Grab 30 notecards! It is okay if they already have markings on them. And, please return the notecards to the same spot after class.

Confidence Intervals

Kelly McConville

Stat 100
Week 9 | Fall 2023

Announcements

Oct 30th Today: Hex or Treat Day in Stat 100
- If you are wearing a Halloween costume, come to the front before or after class for your hex sticker or treat!

Goals for Today

Estimation
Bootstrap distributions

Bootstrapped confidence intervals

Question: How do sampling distributions help us quantify uncertainty?

Estimation

Goal: Estimate the value of a population parameter using data from the sample.

Sub-Goal: Quantify our uncertainty in using the sample to say something about the population.

Confidence Interval (CI): Interval of plausible values for a parameter

Form of a 95% Confidence Interval:

\[\begin{align*} \mbox{statistic} &\pm \mbox{Margin of Error}\\ \mbox{statistic} &\pm 2\mbox{SE} \end{align*}\]

Problem: To compute the SE, we need many samples from the population. We have 1 sample.

Solution: Approximate the sampling distribution using ONLY OUR ONE SAMPLE!

Bootstrap Distribution

How do we approximate the sampling distribution?

Bootstrap Distribution of a Sample Statistic:

Take a sample of size $n$ with replacement from the sample. Called a bootstrap sample.
Compute the statistic on the bootstrap sample.
Repeat 1 and 2 many (1000+) times.

Let’s Practice Generating Bootstrap Samples!

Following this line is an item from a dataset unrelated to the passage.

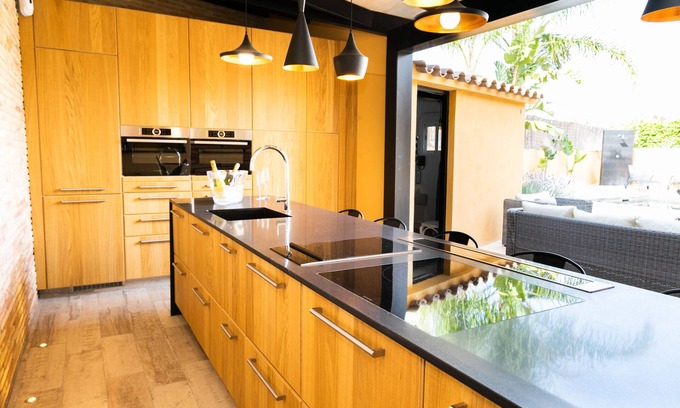 Deltebre Ski Chalet | MAGNIFICENT HOUSE IN THE DELTA DEL EBRO, WITH PRIVATE WIFI, SWIMMING POOL AND PARKING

Example: In a recent study, 23 rats showed compassion that surprised scientists. Twenty-three of the 30 rats in the study freed another trapped rat in their cage, even when chocolate served as a distraction and even when the rats would then have to share the chocolate with their freed companion. (Rats, it turns out, love chocolate.) Rats did not open the cage when it was empty or when there was a stuffed animal inside, only when a fellow rat was trapped. We wish to use the sample to estimate the proportion of rats that show empathy in this way.

Parameter:

Statistic:

Use your 30 cards to take a bootstrap sample. (Make sure to appropriately label them first!)

Compute the bootstrap statistic and put it on the class dotplot.

(Will use these data for one of the problems in the next p-set.)

Sampling Distribution Versus Bootstrap Distribution

Data needed:

Center:

Spread:

(Bootstrapped) Confidence Intervals

95% CI Form:

\[ \mbox{statistic} \pm 2\mbox{SE} \]

We approximate $\mbox{SE}$ with $\widehat{\mbox{SE}}$ = the standard deviation of the bootstrapped statistics.

Caveats:

Assuming a random sample
Even with random samples, sometimes we get non-representative samples. Bootstrapping can’t fix that.
Assuming the bootstrap distribution is bell-shaped and symmetric

Bootstrapped Confidence Intervals

Two Methods

Assuming random sample and roughly bell-shaped and symmetric bootstrap distribution for both methods.

SE Method 95% CI:

\[ \mbox{statistic} \pm 2\widehat{\mbox{SE}} \]

We approximate $\mbox{SE}$ with $\widehat{\mbox{SE}}$ = the standard deviation of the bootstrapped statistics.

Percentile Method CI:

If I want a P% confidence interval, I find the bounds of the middle P% of the bootstrap distribution.

How can we construct bootstrap distributions and bootstrapped CIs in R?

Load Packages and Data

library(tidyverse)
library(infer)

Let’s return to the movies dataset and estimate numerical quantities about Hollywood movies.

# Read in data
movies <- read_csv("https://www.lock5stat.com/datasets2e/HollywoodMovies.csv")

Estimation for a Single Mean

What is the average amount of money $(\mu)$ made in the opening weekend?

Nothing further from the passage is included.